◆ **Instructions to follow**
When a line of the records contains "Mercedes", copy it.

◆ **Provided records**
((
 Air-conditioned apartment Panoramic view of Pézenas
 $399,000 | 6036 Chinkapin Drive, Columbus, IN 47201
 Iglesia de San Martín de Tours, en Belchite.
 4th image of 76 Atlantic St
))
((
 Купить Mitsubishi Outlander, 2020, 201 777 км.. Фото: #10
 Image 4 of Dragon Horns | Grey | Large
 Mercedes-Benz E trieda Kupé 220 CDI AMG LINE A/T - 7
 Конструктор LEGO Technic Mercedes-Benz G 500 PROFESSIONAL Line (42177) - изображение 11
))
◆ **Expected answer**
 Mercedes-Benz E trieda Kupé 220 CDI AMG LINE A/T - 7
 Конструктор LEGO Technic Mercedes-Benz G 500 PROFESSIONAL Line (42177) - изображение 11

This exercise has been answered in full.